Vouet painted, even in his earliest efforts, with a vivacity and a predilection for lustrous colours—a palette of lemon, burnt ochre, cool blues and vibrant rose—especially in the decorative verve of his draperies, and a sumptuous approach to the application of paint using visibly swift brushwork. His return to France marked the beginning of the French Baroque, whereby he introduced the classicizing, sensual idioms of Italian art hitherto unknown to France: the drama of Caravaggio, the realism of the Caracci, the colors of Titian and Paolo Veronese. As the premier peintre du roi of King Louis XIII and favorite of Cardinal Richelieu, Vouet received major commissions across Paris, working on altarpieces, church frescoes and decorations for hôtels and châteaux of the ruling class; however, little survives from these ambitious projects and are only known to us through the engravings. Despite the physical loss to his oeuvre, Vouet’s importance was never forgotten, for his prolific studio produced the foremost French artists of the mid-17th century, such as Eustache Le Sueur (1617–1655) and Charles Le Brun (1619–1690).

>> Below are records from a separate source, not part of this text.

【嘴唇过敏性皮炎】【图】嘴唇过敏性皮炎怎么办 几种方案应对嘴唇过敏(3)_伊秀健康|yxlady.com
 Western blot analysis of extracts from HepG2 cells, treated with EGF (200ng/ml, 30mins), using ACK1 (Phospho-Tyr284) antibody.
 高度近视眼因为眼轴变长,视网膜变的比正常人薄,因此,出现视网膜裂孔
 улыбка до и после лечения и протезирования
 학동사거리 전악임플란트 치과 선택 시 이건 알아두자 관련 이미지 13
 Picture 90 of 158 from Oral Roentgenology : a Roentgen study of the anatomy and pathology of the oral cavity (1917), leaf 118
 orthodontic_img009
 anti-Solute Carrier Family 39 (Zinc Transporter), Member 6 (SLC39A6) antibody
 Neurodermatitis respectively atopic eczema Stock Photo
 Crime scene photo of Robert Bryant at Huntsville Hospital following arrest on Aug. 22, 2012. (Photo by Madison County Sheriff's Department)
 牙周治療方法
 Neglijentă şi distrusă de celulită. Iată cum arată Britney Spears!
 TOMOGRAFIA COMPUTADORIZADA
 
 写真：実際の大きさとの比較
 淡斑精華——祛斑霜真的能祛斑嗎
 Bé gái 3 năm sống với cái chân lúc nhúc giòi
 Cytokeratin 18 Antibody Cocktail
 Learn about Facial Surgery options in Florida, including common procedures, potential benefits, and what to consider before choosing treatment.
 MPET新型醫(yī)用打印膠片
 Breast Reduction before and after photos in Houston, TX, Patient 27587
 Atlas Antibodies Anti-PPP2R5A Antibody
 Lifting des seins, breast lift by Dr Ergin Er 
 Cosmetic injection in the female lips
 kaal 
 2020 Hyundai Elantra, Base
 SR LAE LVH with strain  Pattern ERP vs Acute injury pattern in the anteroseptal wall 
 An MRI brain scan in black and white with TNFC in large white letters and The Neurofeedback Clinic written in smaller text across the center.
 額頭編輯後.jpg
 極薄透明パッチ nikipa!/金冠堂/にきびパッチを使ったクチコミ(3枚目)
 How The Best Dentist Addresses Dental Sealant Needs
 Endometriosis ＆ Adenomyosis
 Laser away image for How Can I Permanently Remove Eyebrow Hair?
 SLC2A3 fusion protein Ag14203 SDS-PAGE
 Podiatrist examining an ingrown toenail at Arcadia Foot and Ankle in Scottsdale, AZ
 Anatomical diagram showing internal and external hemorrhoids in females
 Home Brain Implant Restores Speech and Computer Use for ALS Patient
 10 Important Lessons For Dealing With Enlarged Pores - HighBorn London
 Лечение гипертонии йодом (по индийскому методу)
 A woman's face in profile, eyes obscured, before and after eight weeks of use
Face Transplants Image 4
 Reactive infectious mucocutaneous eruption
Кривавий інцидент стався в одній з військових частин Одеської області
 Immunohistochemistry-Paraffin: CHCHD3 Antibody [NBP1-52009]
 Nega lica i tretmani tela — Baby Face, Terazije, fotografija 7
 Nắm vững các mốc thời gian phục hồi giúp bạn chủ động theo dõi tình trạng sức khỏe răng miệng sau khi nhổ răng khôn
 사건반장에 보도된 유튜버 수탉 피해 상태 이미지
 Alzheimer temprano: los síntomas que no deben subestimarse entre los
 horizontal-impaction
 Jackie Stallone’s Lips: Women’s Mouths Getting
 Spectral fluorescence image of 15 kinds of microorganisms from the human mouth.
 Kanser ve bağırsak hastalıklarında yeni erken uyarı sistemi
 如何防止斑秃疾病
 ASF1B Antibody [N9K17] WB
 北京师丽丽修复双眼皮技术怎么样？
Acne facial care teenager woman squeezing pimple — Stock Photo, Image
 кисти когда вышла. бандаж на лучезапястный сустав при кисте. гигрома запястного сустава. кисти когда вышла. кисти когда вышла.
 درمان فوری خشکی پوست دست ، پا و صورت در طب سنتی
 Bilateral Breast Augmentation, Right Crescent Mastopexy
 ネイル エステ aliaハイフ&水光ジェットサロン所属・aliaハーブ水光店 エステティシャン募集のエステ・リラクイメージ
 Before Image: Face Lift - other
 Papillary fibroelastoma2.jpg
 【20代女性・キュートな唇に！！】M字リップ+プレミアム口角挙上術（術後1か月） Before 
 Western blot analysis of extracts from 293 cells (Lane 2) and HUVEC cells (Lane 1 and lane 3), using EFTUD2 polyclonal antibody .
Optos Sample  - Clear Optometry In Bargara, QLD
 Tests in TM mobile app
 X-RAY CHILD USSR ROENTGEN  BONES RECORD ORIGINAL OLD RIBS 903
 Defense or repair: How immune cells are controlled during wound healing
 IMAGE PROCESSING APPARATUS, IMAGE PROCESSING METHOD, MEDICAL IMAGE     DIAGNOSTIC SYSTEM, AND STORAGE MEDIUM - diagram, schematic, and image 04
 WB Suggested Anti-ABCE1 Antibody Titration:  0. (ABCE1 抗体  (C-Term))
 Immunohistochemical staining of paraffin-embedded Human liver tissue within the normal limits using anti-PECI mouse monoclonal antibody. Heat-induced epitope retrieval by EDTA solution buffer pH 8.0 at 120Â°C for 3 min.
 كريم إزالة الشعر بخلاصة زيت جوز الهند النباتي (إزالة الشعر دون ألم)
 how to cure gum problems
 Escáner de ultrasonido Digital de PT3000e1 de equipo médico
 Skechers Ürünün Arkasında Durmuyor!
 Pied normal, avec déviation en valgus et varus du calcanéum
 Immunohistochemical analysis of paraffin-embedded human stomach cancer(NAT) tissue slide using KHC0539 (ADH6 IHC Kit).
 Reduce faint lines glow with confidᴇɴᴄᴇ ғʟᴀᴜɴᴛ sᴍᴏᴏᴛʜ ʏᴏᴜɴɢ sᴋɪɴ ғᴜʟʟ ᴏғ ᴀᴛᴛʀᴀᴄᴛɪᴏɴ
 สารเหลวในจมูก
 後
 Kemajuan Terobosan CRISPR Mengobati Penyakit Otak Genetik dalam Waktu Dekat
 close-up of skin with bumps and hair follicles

Vouet’s precocity afforded him unprecedented opportunities. At fourteen, he was sent to England to paint a French noblewoman and in 1611, he joined the entourage of the French ambassador to Constantinople as a portraitist. In 1614, after spending a year in Venice, he began a fourteen-year stint in Rome where artists of all nationalities flocked to be part of the Caravaggesque movement. Vouet shared a house on the via Ferratina with twenty-two painters—mostly French and Flemish but with a few exceptions, such as the Pisan native Orazio Riminaldi (1593–1630)—and would offer free painting lessons to his lodgers. Vouet developed a dedicated following amongst the city’s most sophisticated patrons—from the antiquarian Cassiano dal Pozzo to members of the noble Orsini, Sacchetti, Giustiniani, Barberini, and Doria families, the last of which he encountered on a sojourn in Genoa in 1621. His travels across Italy granted him the first-hand experience to study the other currents of artistic innovation, such as the naturalism of the Carracci and the classicism of Giovanni Lanfranco (1582–1647) in Bologna.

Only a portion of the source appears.